Beware of relational assumptions and multiple comparisons
Another wary slippery slope of statistics is the slope of relational and multiple comparisons
Relational comparisons are statistical tests that quantify the relationship between two or more variables. The most common of these tests are correlation, cross-correlation, and regression analysis. Like all other statistical tests, each of the relational tests works with certain assumptions about the nature of the input data. These assumptions must be carefully understood and appropriately represented for analysis.
- Linearity
Tests like linear regression and simple correlation assume a linear relationship between the dependent and independent variables. However, many relationships, such as curved or clustered relationships, reflect nonlinear natures.
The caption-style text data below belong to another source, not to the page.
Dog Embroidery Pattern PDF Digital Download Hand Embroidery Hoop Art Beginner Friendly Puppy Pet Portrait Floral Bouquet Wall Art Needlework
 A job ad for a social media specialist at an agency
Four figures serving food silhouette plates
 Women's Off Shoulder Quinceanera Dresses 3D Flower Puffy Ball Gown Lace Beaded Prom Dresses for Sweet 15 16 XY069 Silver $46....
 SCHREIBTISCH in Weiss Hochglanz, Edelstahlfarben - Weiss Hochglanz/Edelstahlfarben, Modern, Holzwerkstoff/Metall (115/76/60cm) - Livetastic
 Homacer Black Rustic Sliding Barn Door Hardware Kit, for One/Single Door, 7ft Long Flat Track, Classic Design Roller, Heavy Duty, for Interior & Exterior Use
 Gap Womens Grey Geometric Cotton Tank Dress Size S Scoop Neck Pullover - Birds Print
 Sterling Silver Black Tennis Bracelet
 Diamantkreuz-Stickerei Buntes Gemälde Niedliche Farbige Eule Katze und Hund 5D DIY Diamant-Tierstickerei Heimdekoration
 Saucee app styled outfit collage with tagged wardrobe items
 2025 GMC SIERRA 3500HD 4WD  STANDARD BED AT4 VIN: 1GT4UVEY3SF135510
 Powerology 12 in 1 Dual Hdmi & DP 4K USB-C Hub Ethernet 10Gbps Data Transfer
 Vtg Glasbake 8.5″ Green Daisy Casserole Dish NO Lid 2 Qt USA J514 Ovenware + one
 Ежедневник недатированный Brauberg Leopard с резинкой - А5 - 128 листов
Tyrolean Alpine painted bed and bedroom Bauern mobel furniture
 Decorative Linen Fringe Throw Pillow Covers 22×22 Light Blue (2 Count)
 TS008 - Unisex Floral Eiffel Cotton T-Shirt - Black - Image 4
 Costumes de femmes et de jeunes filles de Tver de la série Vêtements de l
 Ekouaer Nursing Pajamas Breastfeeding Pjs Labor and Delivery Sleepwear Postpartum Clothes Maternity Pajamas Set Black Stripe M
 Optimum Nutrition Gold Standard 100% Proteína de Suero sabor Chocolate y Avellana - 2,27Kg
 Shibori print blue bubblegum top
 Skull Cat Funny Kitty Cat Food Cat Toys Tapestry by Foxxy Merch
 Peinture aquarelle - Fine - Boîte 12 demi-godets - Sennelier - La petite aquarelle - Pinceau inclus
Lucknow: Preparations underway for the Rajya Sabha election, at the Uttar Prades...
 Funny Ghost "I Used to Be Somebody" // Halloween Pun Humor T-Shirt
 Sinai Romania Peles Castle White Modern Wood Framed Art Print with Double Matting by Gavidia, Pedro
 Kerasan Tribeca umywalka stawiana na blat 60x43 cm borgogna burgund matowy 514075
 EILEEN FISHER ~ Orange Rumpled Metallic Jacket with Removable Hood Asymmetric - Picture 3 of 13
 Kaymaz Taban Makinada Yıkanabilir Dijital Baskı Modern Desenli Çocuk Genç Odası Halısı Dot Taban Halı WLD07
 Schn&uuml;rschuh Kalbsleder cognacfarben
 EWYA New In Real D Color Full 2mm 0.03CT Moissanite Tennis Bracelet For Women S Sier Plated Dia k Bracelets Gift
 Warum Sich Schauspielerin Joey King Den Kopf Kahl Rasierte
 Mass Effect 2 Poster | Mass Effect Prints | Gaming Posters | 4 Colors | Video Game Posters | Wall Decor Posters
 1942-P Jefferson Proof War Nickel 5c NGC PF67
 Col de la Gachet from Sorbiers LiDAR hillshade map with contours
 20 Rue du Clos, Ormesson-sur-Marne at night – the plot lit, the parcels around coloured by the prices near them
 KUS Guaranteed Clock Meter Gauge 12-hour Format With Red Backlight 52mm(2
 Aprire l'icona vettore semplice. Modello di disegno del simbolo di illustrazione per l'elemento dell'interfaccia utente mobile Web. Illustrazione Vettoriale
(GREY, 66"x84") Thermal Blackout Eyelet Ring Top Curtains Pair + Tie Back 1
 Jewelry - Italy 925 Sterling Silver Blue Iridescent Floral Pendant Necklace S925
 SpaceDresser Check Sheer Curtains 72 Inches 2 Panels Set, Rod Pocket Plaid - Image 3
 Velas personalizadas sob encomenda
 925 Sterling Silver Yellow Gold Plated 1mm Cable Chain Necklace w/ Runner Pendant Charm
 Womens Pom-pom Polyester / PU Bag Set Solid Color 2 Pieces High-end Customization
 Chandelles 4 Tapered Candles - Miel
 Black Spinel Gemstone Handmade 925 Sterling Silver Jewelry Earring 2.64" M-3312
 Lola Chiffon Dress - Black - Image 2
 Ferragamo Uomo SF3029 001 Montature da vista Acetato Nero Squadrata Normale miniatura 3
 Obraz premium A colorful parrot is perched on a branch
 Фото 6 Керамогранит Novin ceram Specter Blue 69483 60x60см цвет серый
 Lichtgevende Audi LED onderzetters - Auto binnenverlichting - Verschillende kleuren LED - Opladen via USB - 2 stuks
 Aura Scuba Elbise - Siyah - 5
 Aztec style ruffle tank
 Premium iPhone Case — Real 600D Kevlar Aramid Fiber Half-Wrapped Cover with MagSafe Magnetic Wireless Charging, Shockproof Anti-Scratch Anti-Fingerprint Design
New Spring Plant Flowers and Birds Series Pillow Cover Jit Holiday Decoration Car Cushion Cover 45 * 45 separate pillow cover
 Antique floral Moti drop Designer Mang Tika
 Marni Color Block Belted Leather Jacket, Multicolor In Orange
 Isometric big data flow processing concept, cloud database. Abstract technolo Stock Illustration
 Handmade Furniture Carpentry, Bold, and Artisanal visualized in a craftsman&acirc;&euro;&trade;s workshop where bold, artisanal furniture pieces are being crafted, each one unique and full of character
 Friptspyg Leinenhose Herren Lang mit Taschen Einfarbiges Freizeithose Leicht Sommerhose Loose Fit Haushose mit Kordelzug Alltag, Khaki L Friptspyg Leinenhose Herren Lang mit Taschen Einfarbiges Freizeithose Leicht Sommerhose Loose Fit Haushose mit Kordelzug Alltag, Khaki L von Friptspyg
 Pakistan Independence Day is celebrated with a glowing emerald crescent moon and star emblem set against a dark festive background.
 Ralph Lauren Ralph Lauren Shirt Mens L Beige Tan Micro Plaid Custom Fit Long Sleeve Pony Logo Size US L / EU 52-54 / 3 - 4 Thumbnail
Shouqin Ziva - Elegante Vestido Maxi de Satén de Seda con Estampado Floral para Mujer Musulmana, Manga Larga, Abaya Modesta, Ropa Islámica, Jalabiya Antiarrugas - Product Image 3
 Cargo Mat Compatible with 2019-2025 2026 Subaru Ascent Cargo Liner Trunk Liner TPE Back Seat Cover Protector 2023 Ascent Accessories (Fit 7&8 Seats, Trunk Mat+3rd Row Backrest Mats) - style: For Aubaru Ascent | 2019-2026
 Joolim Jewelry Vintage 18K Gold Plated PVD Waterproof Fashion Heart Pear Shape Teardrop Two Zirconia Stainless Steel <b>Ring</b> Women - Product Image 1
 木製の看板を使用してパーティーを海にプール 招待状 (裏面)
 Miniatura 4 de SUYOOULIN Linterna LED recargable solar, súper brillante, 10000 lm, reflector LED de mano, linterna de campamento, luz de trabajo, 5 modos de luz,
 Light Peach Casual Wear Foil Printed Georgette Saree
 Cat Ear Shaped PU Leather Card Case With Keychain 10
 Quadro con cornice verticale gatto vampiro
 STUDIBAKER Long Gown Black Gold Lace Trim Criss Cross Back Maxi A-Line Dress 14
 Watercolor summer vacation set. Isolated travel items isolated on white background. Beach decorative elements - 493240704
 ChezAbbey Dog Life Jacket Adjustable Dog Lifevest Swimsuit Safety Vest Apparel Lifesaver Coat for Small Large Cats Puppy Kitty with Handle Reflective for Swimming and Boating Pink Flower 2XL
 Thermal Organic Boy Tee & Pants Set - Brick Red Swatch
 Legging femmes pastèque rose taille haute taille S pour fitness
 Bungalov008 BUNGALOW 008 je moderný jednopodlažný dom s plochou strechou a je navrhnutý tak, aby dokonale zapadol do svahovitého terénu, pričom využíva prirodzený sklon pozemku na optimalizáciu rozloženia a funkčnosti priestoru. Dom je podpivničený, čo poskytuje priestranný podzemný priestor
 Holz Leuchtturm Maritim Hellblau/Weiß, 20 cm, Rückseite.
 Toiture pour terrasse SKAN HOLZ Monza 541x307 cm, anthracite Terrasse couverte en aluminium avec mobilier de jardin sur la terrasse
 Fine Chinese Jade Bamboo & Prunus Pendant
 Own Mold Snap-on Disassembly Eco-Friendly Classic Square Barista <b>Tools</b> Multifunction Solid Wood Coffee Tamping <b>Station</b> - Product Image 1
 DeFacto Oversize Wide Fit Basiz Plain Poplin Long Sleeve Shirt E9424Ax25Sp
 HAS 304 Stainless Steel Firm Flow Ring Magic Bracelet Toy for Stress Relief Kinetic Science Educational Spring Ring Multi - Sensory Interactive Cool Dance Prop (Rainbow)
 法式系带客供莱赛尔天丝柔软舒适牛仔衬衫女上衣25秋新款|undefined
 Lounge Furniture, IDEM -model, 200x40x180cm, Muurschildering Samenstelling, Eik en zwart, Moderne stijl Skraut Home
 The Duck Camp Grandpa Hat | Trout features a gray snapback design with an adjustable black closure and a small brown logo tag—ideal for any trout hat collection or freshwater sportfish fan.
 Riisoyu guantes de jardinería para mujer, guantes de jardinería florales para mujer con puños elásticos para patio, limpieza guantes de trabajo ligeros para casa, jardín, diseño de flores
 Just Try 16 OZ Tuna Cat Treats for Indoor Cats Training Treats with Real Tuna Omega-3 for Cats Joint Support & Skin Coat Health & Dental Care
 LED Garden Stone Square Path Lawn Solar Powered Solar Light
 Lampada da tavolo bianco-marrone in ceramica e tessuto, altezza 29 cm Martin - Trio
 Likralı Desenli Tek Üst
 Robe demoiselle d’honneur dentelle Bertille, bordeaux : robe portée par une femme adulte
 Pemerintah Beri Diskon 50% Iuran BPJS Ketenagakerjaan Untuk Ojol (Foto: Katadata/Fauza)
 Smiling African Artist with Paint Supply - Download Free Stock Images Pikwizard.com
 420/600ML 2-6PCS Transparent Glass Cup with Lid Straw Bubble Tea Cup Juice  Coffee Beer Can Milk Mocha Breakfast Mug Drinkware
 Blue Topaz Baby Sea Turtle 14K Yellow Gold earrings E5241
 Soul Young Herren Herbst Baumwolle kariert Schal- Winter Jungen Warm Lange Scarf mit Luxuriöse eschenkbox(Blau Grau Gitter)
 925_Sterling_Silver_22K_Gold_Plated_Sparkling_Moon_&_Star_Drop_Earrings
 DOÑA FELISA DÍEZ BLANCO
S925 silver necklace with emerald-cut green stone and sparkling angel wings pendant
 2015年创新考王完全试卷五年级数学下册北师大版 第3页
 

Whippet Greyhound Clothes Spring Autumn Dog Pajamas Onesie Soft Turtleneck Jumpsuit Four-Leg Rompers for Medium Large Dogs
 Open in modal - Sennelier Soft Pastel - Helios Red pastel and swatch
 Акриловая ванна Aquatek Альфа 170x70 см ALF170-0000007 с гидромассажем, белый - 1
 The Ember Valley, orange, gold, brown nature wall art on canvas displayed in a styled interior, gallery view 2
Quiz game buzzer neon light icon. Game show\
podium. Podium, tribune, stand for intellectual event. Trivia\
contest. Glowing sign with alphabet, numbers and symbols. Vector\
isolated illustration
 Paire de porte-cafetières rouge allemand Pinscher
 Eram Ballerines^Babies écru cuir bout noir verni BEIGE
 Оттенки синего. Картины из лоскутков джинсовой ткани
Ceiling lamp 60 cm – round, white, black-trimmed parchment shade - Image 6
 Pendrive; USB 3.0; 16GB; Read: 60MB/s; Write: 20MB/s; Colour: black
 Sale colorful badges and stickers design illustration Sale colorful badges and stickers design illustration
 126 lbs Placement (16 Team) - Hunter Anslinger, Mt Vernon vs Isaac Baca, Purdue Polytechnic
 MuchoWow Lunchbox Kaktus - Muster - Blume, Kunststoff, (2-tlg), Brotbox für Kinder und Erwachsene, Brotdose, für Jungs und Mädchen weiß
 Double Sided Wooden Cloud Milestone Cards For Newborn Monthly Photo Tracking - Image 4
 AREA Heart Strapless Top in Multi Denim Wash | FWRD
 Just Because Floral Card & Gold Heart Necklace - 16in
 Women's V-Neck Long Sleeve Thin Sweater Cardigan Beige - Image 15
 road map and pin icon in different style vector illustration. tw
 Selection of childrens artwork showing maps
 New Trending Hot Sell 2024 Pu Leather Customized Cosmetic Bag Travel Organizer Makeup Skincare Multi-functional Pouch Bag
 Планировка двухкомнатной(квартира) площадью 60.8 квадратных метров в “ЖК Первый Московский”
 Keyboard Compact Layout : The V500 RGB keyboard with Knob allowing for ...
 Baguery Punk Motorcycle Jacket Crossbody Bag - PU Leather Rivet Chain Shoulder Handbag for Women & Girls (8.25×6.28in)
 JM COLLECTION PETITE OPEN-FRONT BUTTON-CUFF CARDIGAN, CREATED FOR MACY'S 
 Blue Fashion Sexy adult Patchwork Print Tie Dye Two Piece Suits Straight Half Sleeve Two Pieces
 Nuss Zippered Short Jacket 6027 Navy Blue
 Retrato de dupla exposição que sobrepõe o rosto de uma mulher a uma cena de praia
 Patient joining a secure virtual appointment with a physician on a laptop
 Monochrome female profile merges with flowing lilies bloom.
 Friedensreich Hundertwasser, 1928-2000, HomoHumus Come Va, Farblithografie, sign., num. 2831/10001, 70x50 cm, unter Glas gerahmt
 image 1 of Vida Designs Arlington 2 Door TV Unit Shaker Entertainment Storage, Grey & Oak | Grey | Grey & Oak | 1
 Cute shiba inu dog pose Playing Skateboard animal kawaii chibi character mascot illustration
Using linear statistical tests may lead to false inferences about the data relations. Again, visualization is vital: A scatter plot clearly illustrates the nature of the relationships between the data.
- Independence
In testing for multivariate causal relationships, statistical tests such as regression and some forms of ANOVA assume that the input-dependent variables have insignificant relationships between them. However, if these different variables originate from one individual, there is a strong likelihood of dependence between them. Autocorrelation plots, scatter plots of the residual between predictor and dependent variables against time, or the Durbin-Watson test are most beneficial to detect independence.
- Homoscedasticity
Homoscedasticity assumes that the residuals (i.e. the difference between observed and predicted variables) are constant across all data points. This means the test assumes the data points are uniformly spread around the regression line. If the data points start to converge, they reflect some heteroscedastic nature in the relationship.
All these assumptions about the relational data in question must be made clear in every research for reliability.